Yep, I supposed you could have called me a sod-buster. I started my presence on this blue and white marble on a farm on the great plains of our great country. I spent the first 8 years or so of my life on a farm in Iowa. Summer times were wonderful. As kids, my sister and I were immune to the heat and humidity of the Iowa summer, though when I go there now in the summer, I find it rather oppressive (and this from a guy who lives near Atlanta).
I recall the summer evenings when my sister and I would go out and play in the shallow ditch that ran along the front of our farm. We’d watch for cars to come down the road (they were few and far between!), and we’d hid from them in the ditch. I don’t recall why, but it was something to do. The fireflies would be lighting up all around us and one could hear the crickets and other insects singing their nightly song from the grasses and fields that were all around us. It was magical.
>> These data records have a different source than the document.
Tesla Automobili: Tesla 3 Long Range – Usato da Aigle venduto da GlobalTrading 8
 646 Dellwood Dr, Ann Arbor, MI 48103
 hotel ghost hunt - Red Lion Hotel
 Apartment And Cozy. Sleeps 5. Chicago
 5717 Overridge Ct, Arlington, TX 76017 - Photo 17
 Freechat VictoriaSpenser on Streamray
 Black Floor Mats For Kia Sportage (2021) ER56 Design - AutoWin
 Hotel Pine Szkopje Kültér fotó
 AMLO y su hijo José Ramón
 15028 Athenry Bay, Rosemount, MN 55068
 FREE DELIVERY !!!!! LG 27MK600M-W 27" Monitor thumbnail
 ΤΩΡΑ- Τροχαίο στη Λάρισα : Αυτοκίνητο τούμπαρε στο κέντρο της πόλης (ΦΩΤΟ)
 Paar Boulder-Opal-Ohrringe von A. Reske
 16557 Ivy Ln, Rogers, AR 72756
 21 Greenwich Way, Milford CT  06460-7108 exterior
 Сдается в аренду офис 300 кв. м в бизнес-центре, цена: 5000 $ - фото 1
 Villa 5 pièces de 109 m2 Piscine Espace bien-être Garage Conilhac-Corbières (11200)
And as the sun would set in the west, we’d see scenes like the one in my photo that I’m posting today. This wasn’t taken on our farm, but it was taken in Iowa on my cousin’s farm at the end of a summer’s day – the sun going down in a blazing ball of fire as darkness started to take a firm hold on the fields of corn and soybeans.
I wouldn’t trade those memories for anything. It was a magical time to be alive.
ON THIS DAY IN HISTORY: in 1999, an earthquake near the Caspian Sea in Iran killed more than 50,000 and injures another 135,000. The 7.7-magnitude tremor wrecked havoc on the simply constructed houses in the area.
Thirty minutes past midnight, with most people sleeping in their homes, a violent quake, centered along the shores of the Caspian Sea in northwestern Iran shattered the nighttime tranquility. A 20,000-square-mile area in the provinces of Zanjan and Gilan was absolutely devastated. This region encompasses both farms and sea resorts–all were demolished. In towns along one 80-mile stretch, every single building was reduced to rubble and every single resident was killed.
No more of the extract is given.